Quoting anonymous sources “familiar with the sale process”, The Globe and Mail reported Telus has hired TD Securities to market a 49.9% stake in its 3,000 wireless towers, pitching the sale to private equity firms, pension funds and international telecom infrastructure players.

The move comes as Canadians continue to pay some of the highest wireless rates in the world, with affordability concerns mounting.

Telus’s tower network generated approximately $160 million in revenue last year, with cash flow of $110 million, according to sale documents reviewed by The Globe. 

Analysts estimate the entire portfolio could be worth between $1 billion and $3 billion, and said Telus is seeking a top-tier valuation before proceeding with a sale.

While Bell (BCE Inc.) and Rogers Communications Inc. — Canada’s two other dominant telecoms — have not announced similar sales, sources say they are watching closely as Telus tests the market. Rogers’ towers could be worth as much as $6 billion, while BCE’s network is valued at up to $4 billion.

Like Telus, Bell is the former Ontario government telephone monopoly. 

Telus is selling off it ‘copper assets’ or old fashioned land lines
Telus is selling off it ‘copper assets’ or old fashioned land lines

Telus currently carries about $29 billion in debt and is under pressure to raise cash after years of heavy investment in fibre networks, healthcare tech and agriculture ventures. 

The company also faces rising costs from a new federal spectrum fee structure, which is set to increase wireless carriers’ payments to the government by hundreds of millions of dollars over the next decade.

CEO Darren Entwistle told investors last month that Telus is open to monetizing assets, saying, “If we like the economics, if we like the deal… it is something we would consider.”

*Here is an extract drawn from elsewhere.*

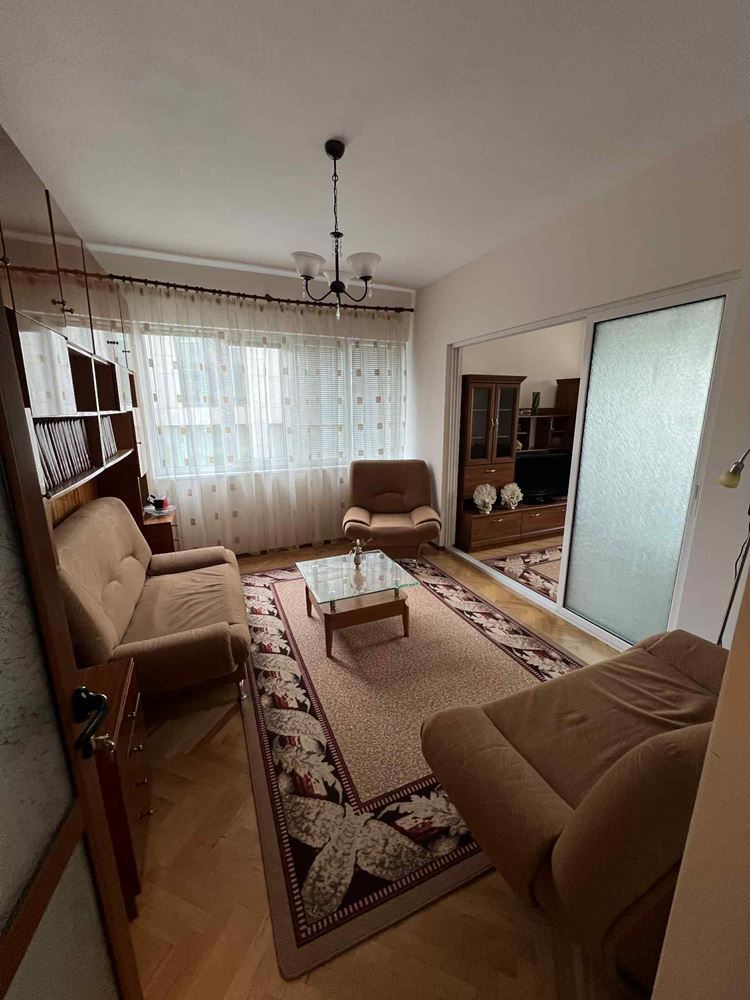 Под наем тристаен апартамент в идеален център на гр.Варна - Агенция за недвижими имоти Варна - Екипът, имот 2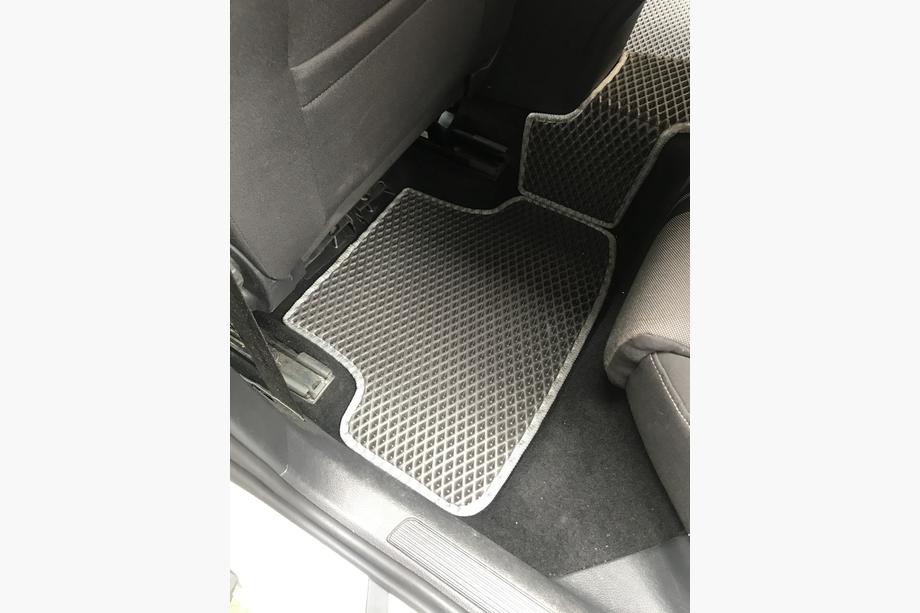 Volkswagen Golf 7/E-Golf 2012-2020 Dywaniki EVA do Golf 7 (czarne) Zdjęcia 5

Telus has already outlined plans to sell $500 million in ‘copper assets’ — old fashioned land lines — and could raise up to $3 billion from real estate sales. The tower sale would add another major cash injection as the company looks to shore up its balance sheet.

While global telecoms have long sold off tower assets to raise capital, Canada has been an exception. Approximately 95% of Canada’s wireless towers are still owned by the big three carriers, compared to just 3% in the US and 30% in Europe.

According to Statistics Canada, In 2021, less than half (47.4%) of Canadian households reported having a landline, while over half (52.2%) reported having a cellphone but no landline. 

With the advent of new technologies like Starlink’s satellite service observers say it’s a matter of time before physical wireless towers disappear too.

For years, Canadian carriers argued that owning their towers helped keep service reliable and efficient, but the tide is shifting as pressure mounts to cut costs. Rogers’ recent $7 billion tower deal with Blackstone was the first major sale of its kind in Canada and Telus appears to be following suit.

Still, consumer advocates warn that these deals could ultimately mean even higher wireless prices. “When telecoms sell off infrastructure, they often lease it back at a premium,” said a telecom industry expert. “Over time, those costs tend to get passed down to consumers.”

With Canada already ranking among the most expensive countries in the world for mobile services, many Canadians will be watching closely to see whether the sale of Telus’s towers improves affordability — or makes their phone bills even worse.